A brief guide to understanding American wine labels
One of the foundations of American marketing is that, on the shelf, the package is more important than the product. And, when the products are all pretty similar, it's probably true. However, wine isn't Tide. It's a completely subjective product; yet winery marketing departments trip over one another coming up with more and more grandiose names for their wine. The over-the-top award goes to Gallo for their Marcelina Cabernet and Chardonnay. These $30 plus wines, marketed to restaurants, come complete with the story of "the forbidden romance between Marcelina, the Patron's daughter, and a vineyard worker who finally wins her hand." It seems they have 15 children, and plant a grapevine that lives for 150 years... which I assume Gallo used to grow the grapes for the wine. I understand that they even supply onions so the restaurant server can tell the story with a tear in their eye!
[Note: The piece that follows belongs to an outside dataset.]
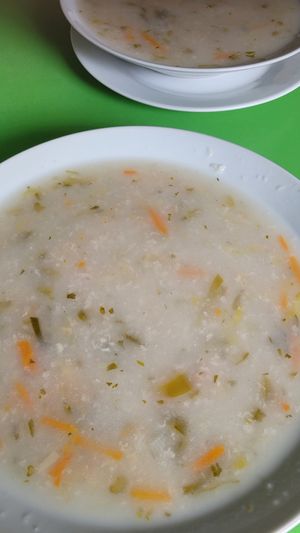 Wheat soup at Salud Integral in Tarma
Barrel Select, Grand Reserve, Vintner's Selection - the important thing to remember is that none of these words really represents anything more than the winery's opinion. Buyer beware. The word Reserve may not mean the same thing at Sutter Home that it means at Beringer. There are only a few words on American wine labels that are regulated by law. The Bureau of Alcohol, Tobacco and Firearms have regulatory jurisdiction over all U.S. Wineries and these are the rules for wine labeling:
Appellation of Origin: Where it was grown i.e., Napa Valley
The following appellations of origin are allowed:
1. The United States
2. A State, or two or more contiguous States. i.e., California
3. A County, or two or more contiguous Counties i.e., Sonoma County
4. A viticulture area recognized by the BATF i.e., Sonoma Valley
If a State or County appellation is used on the label, 75% of the grapes used in the wine must be grown there. If more than one county or state is named, 100% of the grapes must be grown in those areas.
If a viticultural area is named on the label, 85% of the grapes must be grown in that area. There are 115 approved areas, and 63 of them are in California.
Wine Varieties: i.e., Chardonnay, Cabernet Sauvignon, etc.
Varietals are the names of the primary grapes used in the wine. To use a varietal designation, there must be an appellation of origin and 75% of the grapes used must be of that variety. So, if a Sonoma Valley (a viticultural area) Cabernet Sauvignon is being made, 85% of the grapes must be grown in Sonoma County and at least 75% Cabernet Sauvignon grapes must be used.
Note: This rule may not mean much if you're drinking Silver Oak, but considering Cab grapes sell for almost twice as much as anything else, I would like to know the percentage of Cabernet grapes in Turning Leaf - I'll guess 75.001%.
Vintage Date - the year it was grown
To have a vintage date on the label, 95% of the grapes must have been grown in that year.
To be called "estate bottled," a wine must be produced in a winery located in a viticultural area from vineyards that it owns or controls in the same area.
Proprietor or Vintner Grown
If a winery in one viticultural area makes wine from grapes grown in vineyards they own or control in another viticultural area, they can call it "Proprietor Grown" or "Vintner Grown."
Every label must contain the alcohol content of the wine. Under 15%, the content may vary up to 1/2 a percent. Over 15%, the content must be exact (the tax goes up at 15%).
Aside from the warning labels, that's it... all the government regulates. Compared to France, Italy and Germany, the United States is the "wild west" of wine labeling. We'll tackle France and Italy in subsequent newsletters. Germany will have to wait until I find someone who really understands (or can even read) German wine labels.